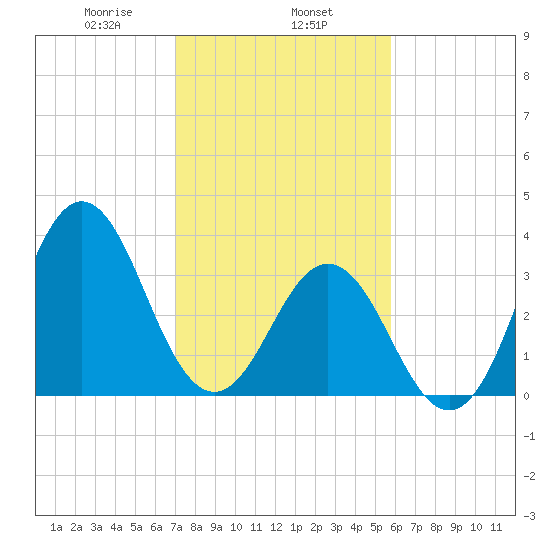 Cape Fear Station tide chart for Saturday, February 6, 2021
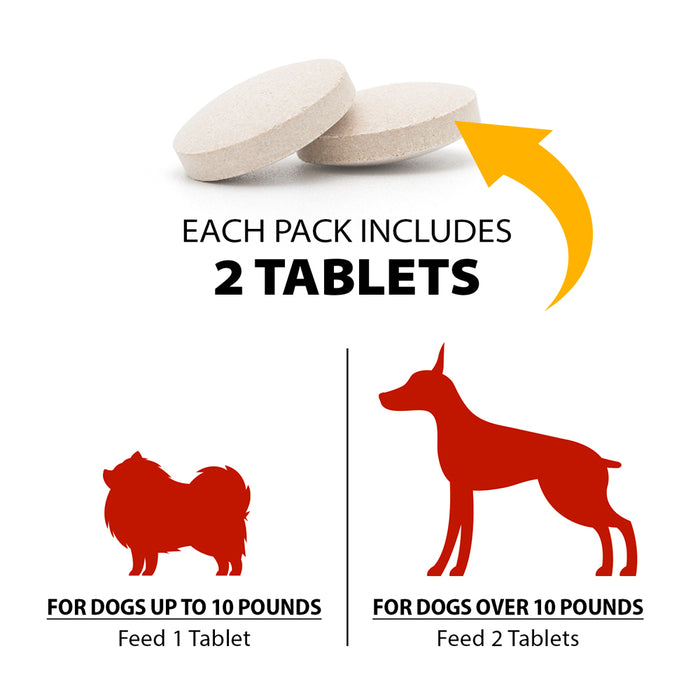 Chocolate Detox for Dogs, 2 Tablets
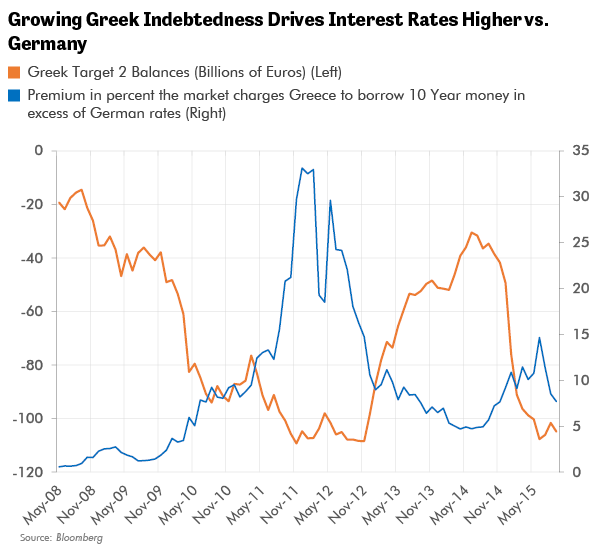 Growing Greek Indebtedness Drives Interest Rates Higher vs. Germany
==
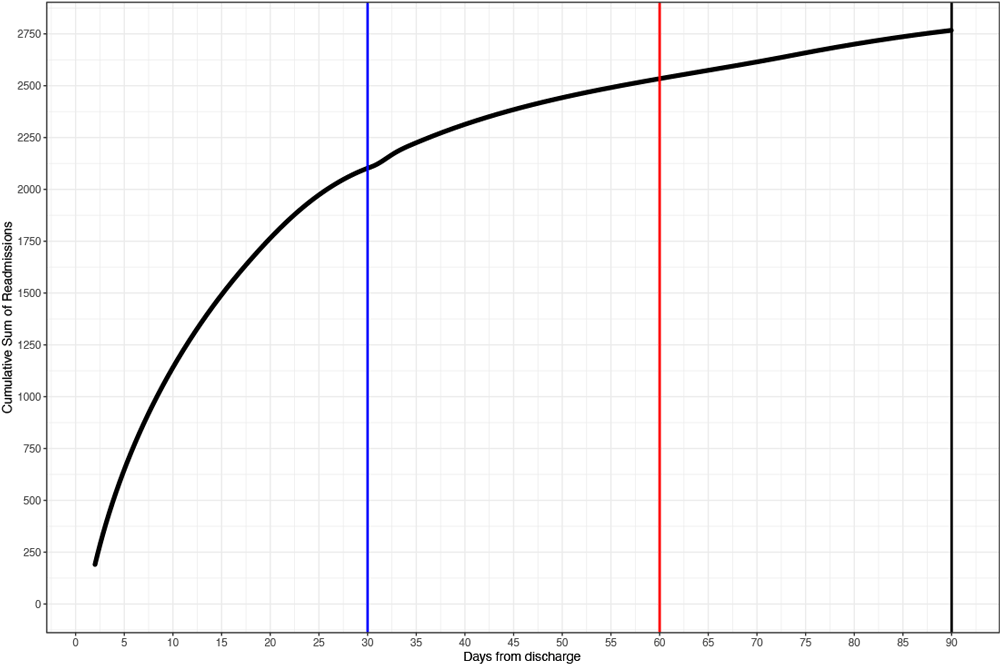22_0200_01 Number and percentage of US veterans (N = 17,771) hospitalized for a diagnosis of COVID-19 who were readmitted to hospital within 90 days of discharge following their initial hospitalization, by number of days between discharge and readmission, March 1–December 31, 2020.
* * *
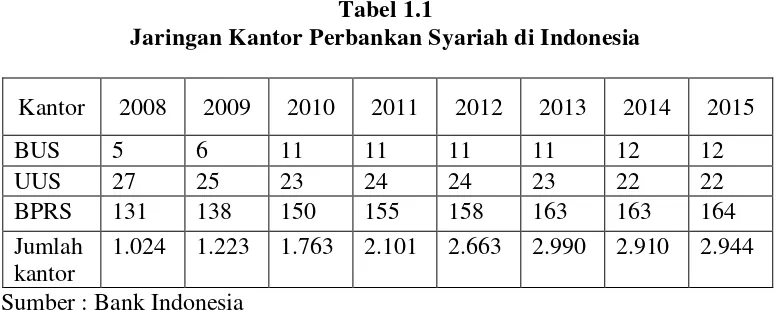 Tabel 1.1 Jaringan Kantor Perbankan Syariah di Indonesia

• PROBLEM TO WORK ON: Within the listing above, the lines from the one with "Cape Fear Station" through the one with "Growing Greek Indebtedness" are to be given again word for word. Do not include pictures.

• SOLUTION:
 Cape Fear Station tide chart for Saturday, February 6, 2021
 Chocolate Detox for Dogs, 2 Tablets
 Growing Greek Indebtedness Drives Interest Rates Higher vs. Germany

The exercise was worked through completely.